MISSING ITEMS ARE OFTEN BASIC STATISTICS
Langan et al17 reviewed cohort, case–control, and cross-sectional epidemiologic studies published between 2005 and 2007 in the “highest impact factor” dermatology journals for missing STROBE elements. The journals reviewed were the Archives of Dermatology, the British Journal of Dermatology, the Journal of the American Academy of Dermatology, the Journal of Investigative Dermatology, and the Acta Dermato-Venereologica. Basic statistical information was frequently missing in the surveyed papers. Of the 137 papers reviewed, the number of individuals at each applicable stage of the study (eg, individual examined for eligibility) was only reported in 54 studies (39%), losses to follow-up were only reported in 17 studies (12%), and management of missing data was only reported in 8 studies (6%). Even more remarkable is that the statistical methods were only reported in 19 studies (14%), and only 10 studies (7%) included sample size calculations.

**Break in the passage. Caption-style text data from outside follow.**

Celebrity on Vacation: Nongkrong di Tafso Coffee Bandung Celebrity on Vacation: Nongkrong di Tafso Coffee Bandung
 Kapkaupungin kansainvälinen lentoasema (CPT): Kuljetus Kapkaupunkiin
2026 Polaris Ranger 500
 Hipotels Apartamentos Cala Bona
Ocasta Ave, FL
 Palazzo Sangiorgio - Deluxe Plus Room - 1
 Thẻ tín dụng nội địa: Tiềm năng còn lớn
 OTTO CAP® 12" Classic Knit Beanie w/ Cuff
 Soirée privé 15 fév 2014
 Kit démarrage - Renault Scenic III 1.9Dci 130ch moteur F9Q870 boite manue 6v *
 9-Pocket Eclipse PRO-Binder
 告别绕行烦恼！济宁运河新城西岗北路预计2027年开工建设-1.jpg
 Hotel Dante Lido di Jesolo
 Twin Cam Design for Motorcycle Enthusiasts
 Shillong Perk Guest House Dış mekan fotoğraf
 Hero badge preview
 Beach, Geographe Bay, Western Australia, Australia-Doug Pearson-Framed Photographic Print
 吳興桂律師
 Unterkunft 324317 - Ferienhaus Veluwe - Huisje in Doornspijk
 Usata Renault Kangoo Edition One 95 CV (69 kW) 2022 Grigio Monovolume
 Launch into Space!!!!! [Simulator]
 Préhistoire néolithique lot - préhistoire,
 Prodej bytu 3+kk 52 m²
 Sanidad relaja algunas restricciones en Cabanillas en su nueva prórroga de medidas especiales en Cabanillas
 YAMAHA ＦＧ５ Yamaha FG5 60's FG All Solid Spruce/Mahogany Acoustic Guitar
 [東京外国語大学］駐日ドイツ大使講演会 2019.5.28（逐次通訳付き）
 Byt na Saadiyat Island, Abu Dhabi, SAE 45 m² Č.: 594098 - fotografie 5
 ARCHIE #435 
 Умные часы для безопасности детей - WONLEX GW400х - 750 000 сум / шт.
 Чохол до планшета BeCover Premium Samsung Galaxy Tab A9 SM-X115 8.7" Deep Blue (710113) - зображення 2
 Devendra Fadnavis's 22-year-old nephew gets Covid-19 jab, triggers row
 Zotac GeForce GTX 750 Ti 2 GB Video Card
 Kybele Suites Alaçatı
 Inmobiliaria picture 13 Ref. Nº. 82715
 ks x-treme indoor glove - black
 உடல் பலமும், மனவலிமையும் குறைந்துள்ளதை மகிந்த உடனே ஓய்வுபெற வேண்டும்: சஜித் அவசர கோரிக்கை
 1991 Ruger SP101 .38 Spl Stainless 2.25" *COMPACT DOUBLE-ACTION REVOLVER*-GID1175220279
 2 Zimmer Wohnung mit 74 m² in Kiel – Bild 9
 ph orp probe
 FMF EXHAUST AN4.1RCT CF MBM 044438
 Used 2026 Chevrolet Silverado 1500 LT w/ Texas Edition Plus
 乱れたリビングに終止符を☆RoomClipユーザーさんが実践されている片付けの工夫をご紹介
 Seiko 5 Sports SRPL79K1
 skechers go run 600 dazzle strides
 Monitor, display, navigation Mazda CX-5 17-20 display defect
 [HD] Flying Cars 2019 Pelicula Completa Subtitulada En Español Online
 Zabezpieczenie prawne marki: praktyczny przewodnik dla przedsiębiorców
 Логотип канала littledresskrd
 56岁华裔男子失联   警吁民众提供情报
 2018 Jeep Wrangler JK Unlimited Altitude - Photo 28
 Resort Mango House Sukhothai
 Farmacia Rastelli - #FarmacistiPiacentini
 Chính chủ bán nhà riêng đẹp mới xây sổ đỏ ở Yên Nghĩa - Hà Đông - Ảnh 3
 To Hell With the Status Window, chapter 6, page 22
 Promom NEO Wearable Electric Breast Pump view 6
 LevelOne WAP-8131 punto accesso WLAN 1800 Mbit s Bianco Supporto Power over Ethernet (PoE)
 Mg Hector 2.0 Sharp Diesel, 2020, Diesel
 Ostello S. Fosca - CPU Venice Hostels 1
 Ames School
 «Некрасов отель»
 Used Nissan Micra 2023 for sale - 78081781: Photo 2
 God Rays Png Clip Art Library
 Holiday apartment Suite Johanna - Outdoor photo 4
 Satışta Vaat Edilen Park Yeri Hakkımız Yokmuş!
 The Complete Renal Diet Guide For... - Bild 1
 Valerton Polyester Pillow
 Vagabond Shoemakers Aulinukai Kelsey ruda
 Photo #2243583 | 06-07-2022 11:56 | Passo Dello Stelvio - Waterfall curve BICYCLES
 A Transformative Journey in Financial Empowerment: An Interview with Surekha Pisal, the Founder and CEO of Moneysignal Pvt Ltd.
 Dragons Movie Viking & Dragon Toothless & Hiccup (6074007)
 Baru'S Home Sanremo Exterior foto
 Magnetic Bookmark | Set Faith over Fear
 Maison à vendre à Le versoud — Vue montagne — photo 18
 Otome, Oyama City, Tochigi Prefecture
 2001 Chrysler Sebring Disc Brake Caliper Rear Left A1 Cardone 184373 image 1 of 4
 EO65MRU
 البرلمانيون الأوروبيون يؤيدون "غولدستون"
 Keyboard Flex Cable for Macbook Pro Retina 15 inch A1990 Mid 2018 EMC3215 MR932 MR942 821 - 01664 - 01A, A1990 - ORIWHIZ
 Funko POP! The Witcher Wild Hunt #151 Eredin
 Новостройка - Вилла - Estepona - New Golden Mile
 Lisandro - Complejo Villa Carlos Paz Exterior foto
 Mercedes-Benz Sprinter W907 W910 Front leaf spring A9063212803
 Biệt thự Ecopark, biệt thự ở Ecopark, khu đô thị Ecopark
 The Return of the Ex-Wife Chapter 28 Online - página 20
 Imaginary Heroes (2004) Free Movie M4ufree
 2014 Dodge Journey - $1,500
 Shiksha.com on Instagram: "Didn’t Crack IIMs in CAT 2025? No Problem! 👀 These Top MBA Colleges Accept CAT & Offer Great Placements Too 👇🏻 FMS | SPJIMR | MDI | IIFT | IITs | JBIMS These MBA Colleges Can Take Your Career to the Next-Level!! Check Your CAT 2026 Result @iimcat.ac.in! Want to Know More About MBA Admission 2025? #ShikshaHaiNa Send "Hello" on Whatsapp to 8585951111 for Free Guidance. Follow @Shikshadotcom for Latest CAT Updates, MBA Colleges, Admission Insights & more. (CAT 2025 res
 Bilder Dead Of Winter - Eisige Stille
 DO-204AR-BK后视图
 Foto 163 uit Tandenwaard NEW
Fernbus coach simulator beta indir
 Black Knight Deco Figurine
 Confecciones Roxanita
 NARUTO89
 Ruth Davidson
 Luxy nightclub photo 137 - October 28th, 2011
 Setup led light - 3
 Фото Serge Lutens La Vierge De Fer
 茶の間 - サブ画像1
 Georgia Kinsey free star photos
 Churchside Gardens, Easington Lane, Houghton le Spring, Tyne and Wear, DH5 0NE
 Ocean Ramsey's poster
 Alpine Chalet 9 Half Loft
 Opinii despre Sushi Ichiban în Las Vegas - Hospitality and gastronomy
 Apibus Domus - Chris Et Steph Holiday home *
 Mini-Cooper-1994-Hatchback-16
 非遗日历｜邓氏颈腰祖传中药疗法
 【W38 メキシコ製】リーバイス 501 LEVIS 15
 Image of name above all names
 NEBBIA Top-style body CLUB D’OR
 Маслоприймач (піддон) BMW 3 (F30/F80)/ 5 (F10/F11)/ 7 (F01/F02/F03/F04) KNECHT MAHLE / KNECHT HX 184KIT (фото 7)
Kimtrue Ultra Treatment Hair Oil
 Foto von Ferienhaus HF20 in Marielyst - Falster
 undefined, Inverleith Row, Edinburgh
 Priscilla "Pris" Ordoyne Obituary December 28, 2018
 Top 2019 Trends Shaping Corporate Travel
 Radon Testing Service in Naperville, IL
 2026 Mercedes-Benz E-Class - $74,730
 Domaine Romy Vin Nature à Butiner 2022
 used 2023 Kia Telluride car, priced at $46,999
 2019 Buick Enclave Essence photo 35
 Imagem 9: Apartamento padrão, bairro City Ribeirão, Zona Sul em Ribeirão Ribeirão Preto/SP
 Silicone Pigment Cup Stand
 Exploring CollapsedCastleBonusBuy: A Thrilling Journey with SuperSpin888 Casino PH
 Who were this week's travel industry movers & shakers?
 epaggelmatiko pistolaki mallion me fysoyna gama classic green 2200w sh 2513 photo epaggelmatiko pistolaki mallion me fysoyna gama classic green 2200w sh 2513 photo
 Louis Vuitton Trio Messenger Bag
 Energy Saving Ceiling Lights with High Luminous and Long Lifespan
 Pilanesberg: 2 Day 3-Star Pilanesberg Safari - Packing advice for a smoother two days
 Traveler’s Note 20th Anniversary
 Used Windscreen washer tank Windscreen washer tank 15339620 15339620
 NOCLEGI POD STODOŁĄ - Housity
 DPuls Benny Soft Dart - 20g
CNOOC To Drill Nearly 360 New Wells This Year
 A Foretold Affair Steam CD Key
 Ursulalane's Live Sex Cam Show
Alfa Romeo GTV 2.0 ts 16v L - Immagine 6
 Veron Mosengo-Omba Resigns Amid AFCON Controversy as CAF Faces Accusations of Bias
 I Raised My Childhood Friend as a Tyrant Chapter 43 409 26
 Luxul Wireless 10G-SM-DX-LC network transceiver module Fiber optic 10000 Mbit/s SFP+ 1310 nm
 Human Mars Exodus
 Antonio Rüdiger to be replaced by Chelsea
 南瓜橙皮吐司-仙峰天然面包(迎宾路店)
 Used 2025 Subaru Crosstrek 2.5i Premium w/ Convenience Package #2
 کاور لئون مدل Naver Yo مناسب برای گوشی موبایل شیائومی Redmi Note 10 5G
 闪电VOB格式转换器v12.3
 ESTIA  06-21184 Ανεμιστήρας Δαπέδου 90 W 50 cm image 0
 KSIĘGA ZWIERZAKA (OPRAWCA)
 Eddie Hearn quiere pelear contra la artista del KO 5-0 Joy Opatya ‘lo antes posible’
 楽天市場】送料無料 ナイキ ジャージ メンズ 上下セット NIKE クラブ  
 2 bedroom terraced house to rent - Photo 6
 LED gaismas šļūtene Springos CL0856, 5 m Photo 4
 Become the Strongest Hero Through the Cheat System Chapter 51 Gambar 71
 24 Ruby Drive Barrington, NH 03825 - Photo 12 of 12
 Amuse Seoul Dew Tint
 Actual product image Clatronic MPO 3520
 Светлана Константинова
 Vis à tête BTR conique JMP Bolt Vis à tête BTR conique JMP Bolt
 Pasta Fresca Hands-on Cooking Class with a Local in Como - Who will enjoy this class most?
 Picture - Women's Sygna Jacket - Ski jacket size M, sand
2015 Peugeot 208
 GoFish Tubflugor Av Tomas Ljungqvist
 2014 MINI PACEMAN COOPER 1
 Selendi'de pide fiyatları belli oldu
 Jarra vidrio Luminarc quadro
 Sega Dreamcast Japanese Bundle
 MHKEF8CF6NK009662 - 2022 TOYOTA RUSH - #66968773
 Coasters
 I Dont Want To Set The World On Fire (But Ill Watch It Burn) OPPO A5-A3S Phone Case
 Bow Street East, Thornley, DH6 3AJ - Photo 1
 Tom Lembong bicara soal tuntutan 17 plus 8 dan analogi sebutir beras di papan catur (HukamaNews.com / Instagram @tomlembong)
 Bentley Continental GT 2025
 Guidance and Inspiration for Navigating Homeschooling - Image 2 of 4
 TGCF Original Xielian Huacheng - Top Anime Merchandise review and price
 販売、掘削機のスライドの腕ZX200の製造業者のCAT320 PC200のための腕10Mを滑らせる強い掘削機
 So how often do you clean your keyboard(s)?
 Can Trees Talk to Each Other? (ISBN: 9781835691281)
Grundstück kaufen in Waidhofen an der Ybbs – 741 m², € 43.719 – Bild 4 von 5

Šimundić and Nikolac18 reviewed all manuscripts submitted to Biochemia Medica between 2006 and 2009 with “some kind of statistical analysis of the data.” The authors identified at least 1 basic statistical error in all 55 manuscripts.18 The most common error was lack of power analysis, which was not reported in any of the papers.18 Three-fourths of the papers used the wrong statistical test to compare 3 or more groups. Two-thirds of the papers incorrectly presented P values.18 Other common errors were failing “to use non-parametric test like Mann-Whitney Rank Sum test when [the] sample [size was] too small or when data [were] not normally distributed” and failing “to use Fisher exact test instead of testing data with chi-square test due to the low cell frequencies.”18
Vähänikkilä et al19 reviewed articles published in 2010 in 5 dental journals: Journal of Dental Research, Caries Research, Community Dentistry and Oral Epidemiology, Journal of Dentistry, and Acta Odontologica Scandinavica. Of the 200 articles reviewed by the authors, only 18 (9%) were deemed as having acceptable statistical reporting.19 Among the 182 (91%) articles with inadequate statistical reporting, the authors identified inadequate “justification for the number of cases” in 160 articles (80%), “incomplete description of statistical procedures” in 65 papers (33%), and P values reported as thresholds (eg, “P > .05”) in 58 papers (29%).19
Prescott and Civil20 reviewed “a consecutive series of submissions” to the journal Injury, each of which was sent to Prescott for blinded statistical review between December 2010 and January 2012. The review included articles that were eventually published as well as articles rejected during the review process. Of the 100 papers, 47 had incorrect analyses. The most common errors were incorrect use of a 2 × 2 contingency table (14 papers), false precision in reporting percentages (30 papers), and “numerical errors” (19 papers).20
These results show that improper handling of basic statistical issues presents an ongoing problem in the medical literature. Our review of the literature on statistical reporting did not identify a single paper suggesting that any journal had high-quality statistical reporting. The evidence suggests that inadequate reporting of basic statistics is a fundamental and ubiquitous problem in the medical literature.
STATISTICAL REVIEW OF ALL RESEARCH PAPERS
Lukić and Marusić21 reviewed 97 articles with “some type of statistical analysis” published in the Croatian Medical Journal. “After the appointment of [the] statistical editor,” “the statistics was not satisfactory” in 91 of 144 (63%).21 “Comparison of the average number of errors per published manuscript before and after” the appointment of [the] statistical editor in 1996 “did not reveal any notable difference.”21 The authors identified errors in the statistical analysis in 52 papers (54%) “before the appointment of [the] statistical editor.” Remarkably, the estimated incidence of statistical errors was greater, 91 of 144 papers (63%) after the appointment of the statistical editor. Of these 144 papers with statistical analysis, the Editor-in-Chief sent only 30 papers (21%) for statistical review. The authors explain that the Editor-in-Chief selected manuscripts for statistical review based on the perceived complexity of the statistical analysis. The authors concluded that, in the case of the Croatian Medical Journal, “most problems arise from inadequate editorial practice.” The authors recommended “strict editorial policy on sending out all manuscripts with numerical data for statistical review, strict monitoring of revisions made in manuscripts…and reviewers with background not only in statistics, but in biomedicine as well.”
In an unusual prospective trial, Cobo et al22 used a balanced factorial design to randomize articles submitted to Medicina Clínica into 4 groups. The 2 interventions tested were assigning a specific statistical reviewer and suggesting reporting guidelines to the reviewer. Articles were evaluated based on the Goodman scale, which evaluates study design, sample size rationale, reporting of major variables, etc. The authors found that assigning a dedicated statistical reviewer significantly increased the quality of the article. There was no significant effect for the second intervention, recommending specific guidelines to reviewers.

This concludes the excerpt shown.